The malware shares many infrastructure and technical similarities to IcedID, causing researchers in initial analyses of the malware to suggest that Latrodectus was a new variant of IcedID. However, based on a string identified in the code, researchers have confirmed that Latrodectus is a new malware. IcedID has been around since 2017 and has been used over the years by different threat actors in conjunction with the Emotet, QakBot and Bumblebee malware families. IcedID started as a banking trojan but over time has evolved into a generic information stealer.

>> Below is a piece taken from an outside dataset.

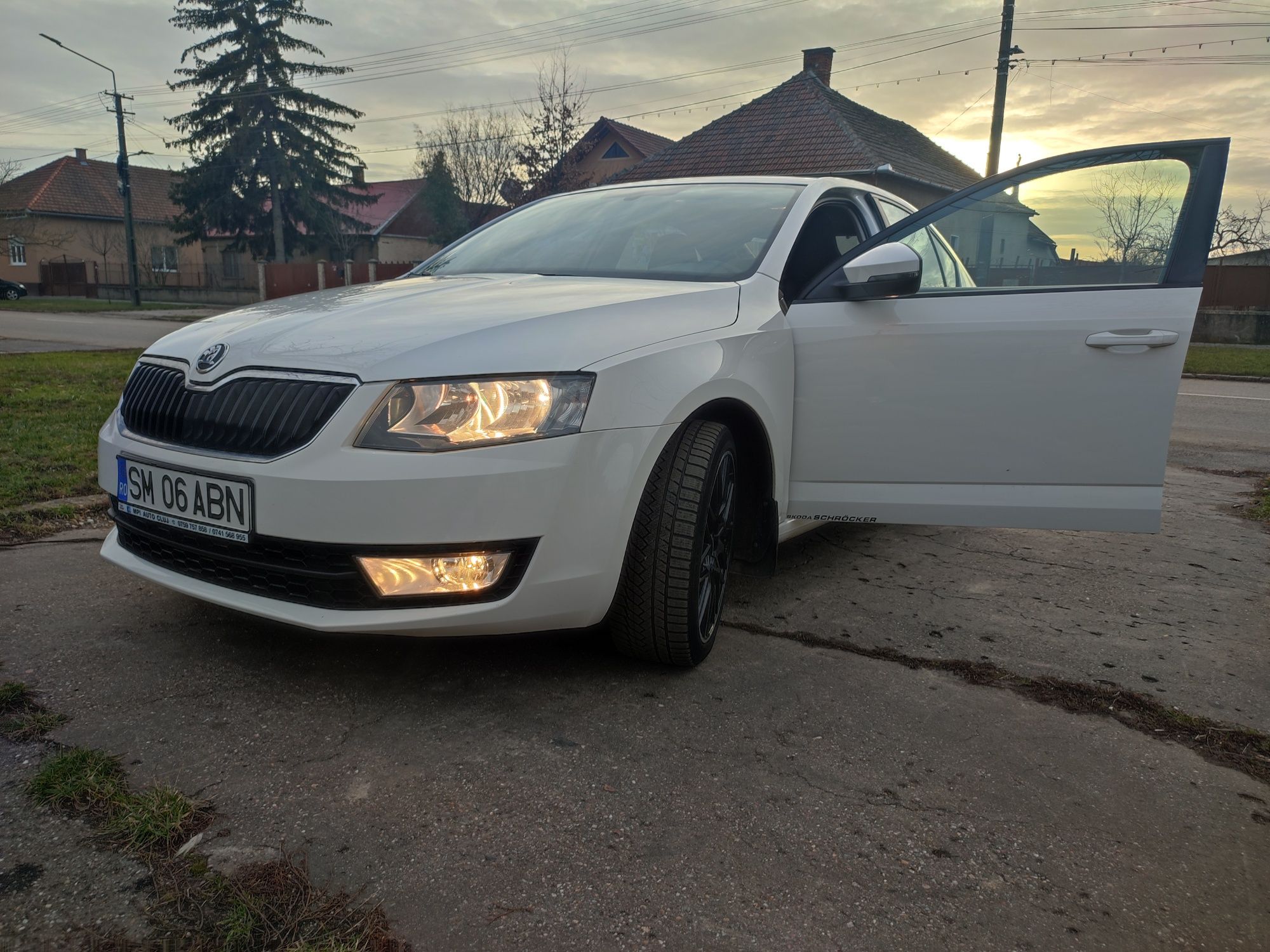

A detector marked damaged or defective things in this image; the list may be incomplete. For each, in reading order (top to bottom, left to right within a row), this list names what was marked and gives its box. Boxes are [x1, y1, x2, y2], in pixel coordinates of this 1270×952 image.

cracked concrete slab [0, 467, 1265, 949]
cracked concrete slab [726, 470, 1270, 736]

“From an infrastructure analysis perspective, Team Cymru determined that the same threat actors responsible for IcedID are also involved in the operation of Latrodectus,” said researchers. “This conclusion is drawn from a few key observations. For one, the C2 hosting choices between the two operations are similar, as mentioned above, although this alone is not a strong association.”
“More conclusively, the Latrodectus T2 maintains connections with backend infrastructure associated with IcedID, and operator activity within Latrodectus infrastructure includes the utilization of specific jumpboxes known to be used in IcedID operations,” they said.
Initial access brokers rely on a number of malware families - sometimes more than one in different campaigns - for establishing access to victim environments. IcedID campaigns, for instance, have been used to lay the groundwork for future malicious activities, including deploying malware or tools like Cobalt Strike that are then used to gain further access into an organization.
"We share Proofpoint’s assessment that Latrodectus will become increasingly used by financially motivated threat actors across the criminal landscape, particularly those who previously distributed IcedID," said Team Cymru researchers.